Aucun enchantement n’avait présidé à la construction du château de Brunoy, cascade de toutes les prodigalités où s’abreuvait le bourg de ce nom, composé à peine de six cents habitans. L’enchanteur fut un financier.

Bâti par un garde du trésor royal nommé Brunet, il fut vendu à M. de Montmartel, l’un des quatre frères Pâris, munitionnaires généraux, devenus si riches de si pauvres qu’ils étaient auparavant, que l’aîné, Pâris de Montmartel, anobli récemment, prit dans l’acte de baptême de son fils aîné et unique le titre de comte de Sampigny, baron de Dagouville, seigneur de Brunoy, de Villers, de Fourcy, de Fontaine, de Château-Neuf, etc., conseiller d’état, garde du trésor royal.

Outre ses titres et ses châteaux, M. Pâris de Montmartel acquit aussi une femme, qui n’était autre que Mlle Marie-Armande de Béthune, fille de Louis, comte de Béthune, lieutenant-général des armées navales. Le fils d’un hôtelier des Alpes s’allia à la race des Sully.
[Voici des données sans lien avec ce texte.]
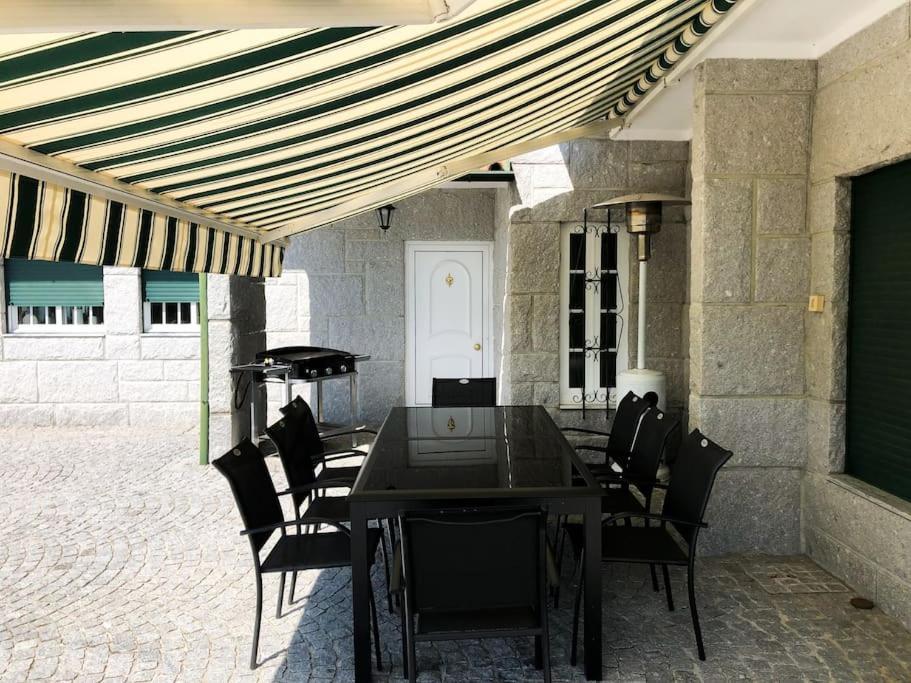 Maison Familiale De Caractere Avec Piscine Padronelo المظهر الخارجي الصورة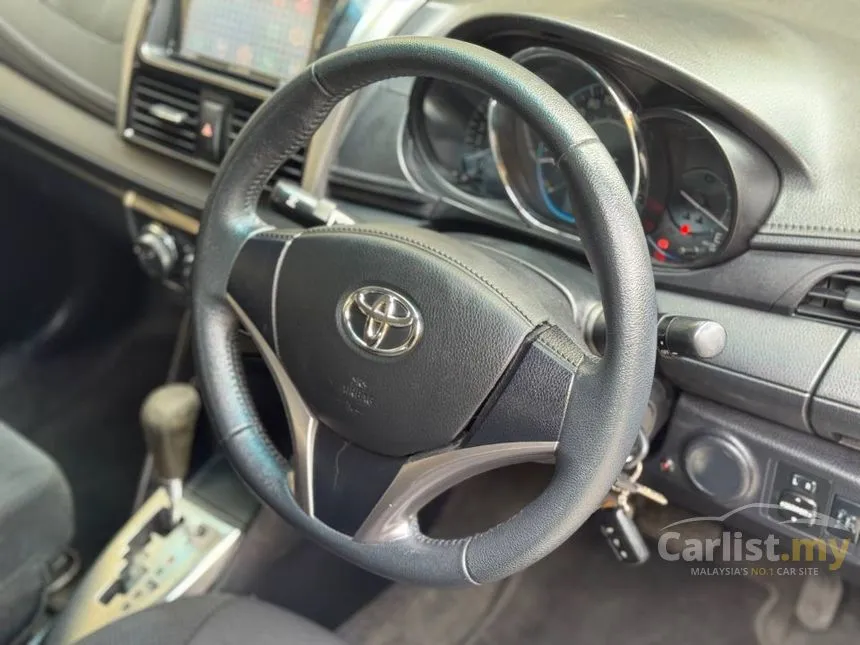 2015 Toyota Vios J Sedan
De cette union naquit, l’an 1748, le célèbre marquis de Brunoy, l’homme qui peint le mieux l’agonie du dix-huitième siècle, figure triste, figure bouffonne, marquée au front de la fatalité et à la joue des taches de la débauche, un de ces hommes qui finissent à la fois un siècle, une race, un nom, une immense fortune.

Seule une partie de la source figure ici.